Task details. What is needed here is an exact repetition of the records below, beginning at the line that has "And then obviously, if" and stopping after the line that has "All right, so".

Exercise data.

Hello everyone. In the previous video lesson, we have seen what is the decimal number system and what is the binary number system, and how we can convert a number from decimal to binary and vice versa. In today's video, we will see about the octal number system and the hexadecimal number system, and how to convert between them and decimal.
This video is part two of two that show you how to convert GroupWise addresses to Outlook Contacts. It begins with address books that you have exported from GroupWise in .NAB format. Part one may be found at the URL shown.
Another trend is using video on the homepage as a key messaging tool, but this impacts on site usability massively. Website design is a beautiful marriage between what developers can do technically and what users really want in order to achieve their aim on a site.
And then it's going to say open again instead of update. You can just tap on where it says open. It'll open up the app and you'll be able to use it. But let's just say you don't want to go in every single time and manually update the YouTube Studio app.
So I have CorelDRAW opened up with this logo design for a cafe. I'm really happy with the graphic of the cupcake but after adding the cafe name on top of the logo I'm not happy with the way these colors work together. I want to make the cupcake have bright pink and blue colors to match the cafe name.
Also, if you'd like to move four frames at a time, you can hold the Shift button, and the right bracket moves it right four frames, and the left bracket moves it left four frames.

--

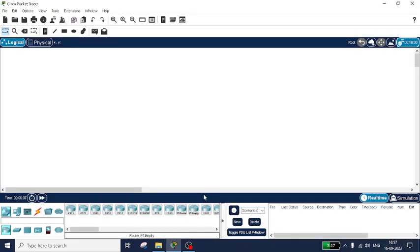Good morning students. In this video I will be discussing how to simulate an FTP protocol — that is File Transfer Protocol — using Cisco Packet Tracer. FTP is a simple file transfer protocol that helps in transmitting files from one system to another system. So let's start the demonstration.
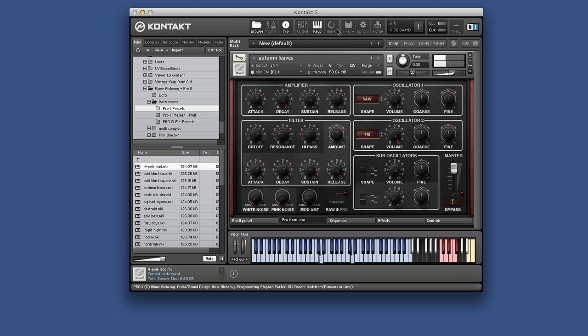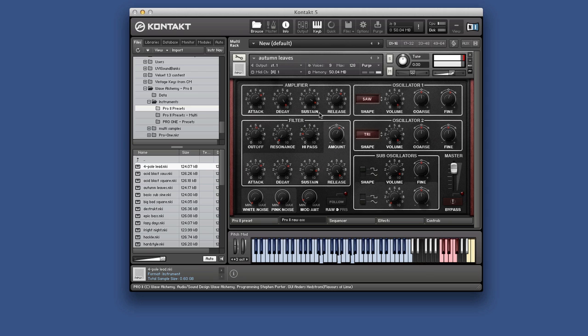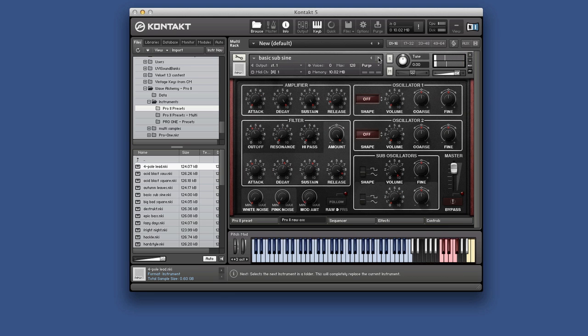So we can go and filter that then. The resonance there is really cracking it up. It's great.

---

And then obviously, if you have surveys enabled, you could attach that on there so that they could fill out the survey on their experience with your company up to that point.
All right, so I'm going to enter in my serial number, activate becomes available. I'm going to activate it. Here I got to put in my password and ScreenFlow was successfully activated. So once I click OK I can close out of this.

Solution below.
And then obviously, if you have surveys enabled, you could attach that on there so that they could fill out the survey on their experience with your company up to that point.
All right, so I'm going to enter in my serial number, activate becomes available. I'm going to activate it. Here I got to put in my password and ScreenFlow was successfully activated. So once I click OK I can close out of this.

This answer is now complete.